Susan B. Anthony
1820—1906
The true republic: men, their rights and nothing more: women, their rights and nothing less. - Susan B. Anthony
Susan B. Anthony, a courageous fighter for equal justice in the country that she loved, did not live to see the movement she is synonymous with—votes for women—achieve its goal. Nonetheless, she will go down in history as one of women's suffrage's most energetic advocates. Born to a Quaker family in Adams, Massachusetts, Anthony was educated alongside her brothers (unusual for that time). She met Frederick Douglass and William Lloyd Garrison and became an avid abolitionist by the age of 17, speaking out against slavery even when some thought it inappropriate for a woman to speak out publicly.
Alongside her friend Elizabeth Cady Stanton, Susan B. Anthony founded the American Equal Rights Association to fight for women's right to vote.
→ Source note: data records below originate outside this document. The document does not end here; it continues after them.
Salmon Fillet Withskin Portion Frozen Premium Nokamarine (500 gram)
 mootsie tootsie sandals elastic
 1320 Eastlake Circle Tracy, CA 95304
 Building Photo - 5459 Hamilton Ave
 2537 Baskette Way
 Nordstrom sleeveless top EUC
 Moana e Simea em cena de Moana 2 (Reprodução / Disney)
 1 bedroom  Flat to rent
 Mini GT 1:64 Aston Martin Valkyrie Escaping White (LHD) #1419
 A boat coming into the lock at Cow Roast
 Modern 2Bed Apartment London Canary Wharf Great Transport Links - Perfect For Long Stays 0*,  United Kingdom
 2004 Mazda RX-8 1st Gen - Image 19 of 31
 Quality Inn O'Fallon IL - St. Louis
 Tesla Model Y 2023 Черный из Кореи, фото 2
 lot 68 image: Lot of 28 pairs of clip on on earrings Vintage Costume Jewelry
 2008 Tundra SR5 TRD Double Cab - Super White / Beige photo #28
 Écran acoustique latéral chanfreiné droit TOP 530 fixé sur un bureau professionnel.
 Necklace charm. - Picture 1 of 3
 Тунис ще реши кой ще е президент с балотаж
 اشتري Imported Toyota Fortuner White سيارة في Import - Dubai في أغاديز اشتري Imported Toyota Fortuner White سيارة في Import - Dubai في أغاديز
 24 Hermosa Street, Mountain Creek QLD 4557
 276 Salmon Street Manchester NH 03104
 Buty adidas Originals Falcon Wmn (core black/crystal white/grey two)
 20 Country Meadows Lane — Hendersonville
Though the movement had been unsuccessful, Anthony voted for President in 1872 in Rochester, New York. She was arrested! Her case drew even more attention to the women's suffrage movement, and eventually Anthony became the head of a consolidated organization for women's suffrage, the National Woman Suffrage Association. Fourteen years after Anthony's death in 1906, Congress passed the 19th Amendment, ensuring that women had the right to vote.